Page 1 of 1

MySQl Metadata consistency

Posted: 06.12.2020, 22:02
by MJFShark
In the Metadata calls for tables and procedures there's an inconsistency in how catalog and schema are handled:

Currently for Tables, Columns, TablePrivs, ColumnPrivs, Pks, Indexes:
TABLE_CAT = Database
TABLE_SCHEMA = Empty

Currently for Procedures, ProcedureColumns:
PROCEDURE_CAT = 'def' (the value in MySQL's catalog info schema tables)
PROCEDURE_SCHEMA = database

Currently for CollationsAndCharSets:
COLLATION_CATALOG = database
COLLATION_SCHEMA = database

Most of the newer (I think) changes to the metadata calls allow passing the database in either the Catalog or Schema parameters. So my question in all of this is, should this be changed at all? Will MySQL add real catalogs at some point? I must admit that I think of the MySQL databases as schemas, but I know that some of this is from older code and also that jdbc has it's own definitions/standards. I obviously don't want to break any backwards compatibility. Perhaps returning database in both catalog and schema is a good compromise for now? Thanks for any feedback!

-Mark

Re: MySQl Metadata consistency

Posted: 06.12.2020, 22:25
by aehimself
I am no expert in SQL. The phrases like "schema", "catalog" and "database" mentioned in the same sentence scares me.

I HAVE NO DAMN CLUE WHAT IS THE DIFFERENCE!!!! :D

Re: MySQl Metadata consistency

Posted: 07.12.2020, 04:53
by MJFShark
The terms are a bit different depending on the database you use, however the Zeos metadata layer works with the terms (as parameters and object fields) "Catalog" and "Schema", so it's just a matter of deciding how these map to the underlying data dictionary. I usually think of SCHEMA as the direct table owner so a "full" table name for me is often schema.tablename.

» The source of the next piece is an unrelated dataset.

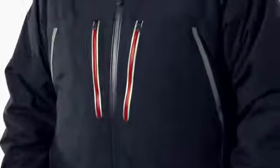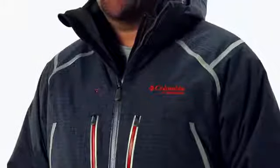Hi everyone. I'm here to talk to you about the Electroamp Parka from Columbia Sportswear. It's an interchange piece with our OmniHeat Electric technology on it.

To me, the current MySQL metadata layer is a bit odd in that it uses Catalog to map to "database" (mostly) whereas I would think that Zeos "schema" would map to MySQL "database".

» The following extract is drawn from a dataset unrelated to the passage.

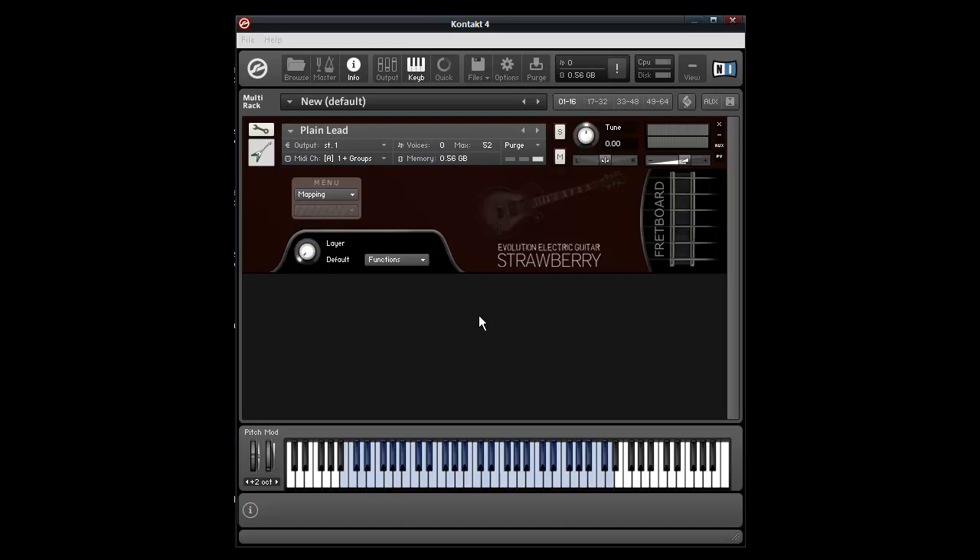Hey guys, just a quick video here. I wanted to show you how the strum keyswitches work in the lead guitar engine. Basically, what the strum keyswitches allow you to do is to hold down a note and then re-attack it by pressing the strum keyswitches, either a downstroke or an upstroke.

But that's really an aside, I don't think it matters what gets mapped to what, as long as it's consistent, at least within a protocol. If backwards compatibility wasn't a concern, I'd map MySQL database to ZeosLib schema, and have catalog be "def" or blank, BUT there may be very good reasons for it to work the way it does that I don't know about. It might make sense to return database for both in the metadata results.

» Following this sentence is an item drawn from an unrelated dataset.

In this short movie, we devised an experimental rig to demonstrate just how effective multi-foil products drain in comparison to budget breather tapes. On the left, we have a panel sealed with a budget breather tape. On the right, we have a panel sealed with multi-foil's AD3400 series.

Btw, a good summary of the terms of the various databases is:
https://stackoverflow.com/a/7944489/113128
And it also gives an example of how to identify an object in each one, which is very interesting! I'm most used to Oracle (which uses schema.objectname.)

-Mark

Re: MySQl Metadata consistency

Posted: 07.12.2020, 09:57
by aehimself
Jesus. I remember we slightly touched this topic with Jan once, but I see it now that the confusion is bigger than I expected.
So nice to have terms if they are used inconsistently.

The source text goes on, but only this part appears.